The European Commission plans on passing a nature restoration law by the end of the year, with a view to having the law come into effect in 2024.

The law was put forward last summer, with targets laid out for restoring a range of ecosystems in line with the EU Green Deal and with specific targets for the country’s estimated 330,000ha of drained farmed peatlands. However, no impact assessment has been carried out on the law to evaluate how many farmers will be affected, or what payments would be needed to compensate farmers if they agree to restore and rewet their lands.

If the law passes as it currently stands, Ireland will have two years to complete a national restoration plan, mapping all farmland on drained peat soils, as well as setting out which measures it intends to carry out on these lands to meet the targets agreed.

This plan will be required by 2026, necessitating a “huge data gathering exercise” over a “really, really tight” timeline, Áinle Ní Bhriain of the National Parks and Wildlife Service (NPWS) told an IFA meeting last week.

Minister of State Malcolm Noonan stated that “restoration does not mean rewetting to surface-level in all cases” and pointed to cutaway bogs on State lands as a way of meeting some of the targets.

However, the IFA remained completely opposed to the proposals and called on the EU to set out a pathway to its targets through voluntary agri-environmental schemes.

“You need to go back to the drawing board, you need to redesign this completely because, ultimately, when this becomes a law, the damage will have already been done,” IFA environment chair Paul O’Brien told the NPWS delegates.

Farmers attending the meeting expressed serious concerns that the law could sterilise their land by limiting the potential for productive farming on peat soils.

The NPWS’s Andy Bleasdale recognised farmers’ concerns but sought to reassure them that implementing the law will be different to imposing Natura 2000 designations.

“This is not a new designation attempt, this is not designation by stealth, it is not land sterilisation. I know those phrases based on experience of the past might worry you, but that is not the intention,” Bleasdale said.

There are around 330,000ha of drained, farmed peatlands in Ireland, but this estimate has to be verified. \ David Ruffles

An updated draft of the law outlining EU ministers’ views on the law suggests that targets could be softened and the push to rewet land eased, if their position is taken on board by MEPs and the European Commission.

This newest draft could save thousands of hectares of farmland from rewetting and restoration measures, when compared with what the Commission had initially put on the table.

It also suggests that rewetting should not mean making land “wet underfoot”, as had been initially proposed.
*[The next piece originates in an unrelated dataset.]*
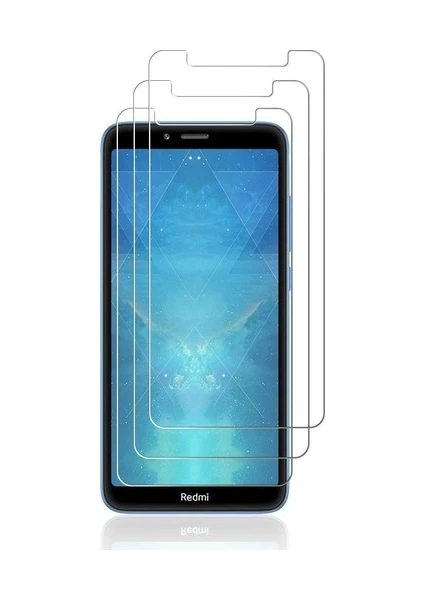 Xiaomi Redmi 7A Uyumlu Ekran Koruyucu Screen Protector Tempered Glass Kristal Netliğinde %100 Hd Görüntü, Yüksek Kalite Kırılmaz Temperli Cam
The EU ministers’ proposed targets are:

  • 2030: to restore 30% of drained, farmed peatlands, with half of this area rewet.
  • 2040: to restore 40% of drained, farmed peatlands, with half of this area rewet.
  • 2050: to restore 50% of drained, farmed peatlands, with half of this area rewet.
  • However, a cohort of green-leaning MEPs are seeking to amend the targets upwards instead of downwards, leaving the direction of the trilogue negotiations that will ultimately determine the final EU position still unclear.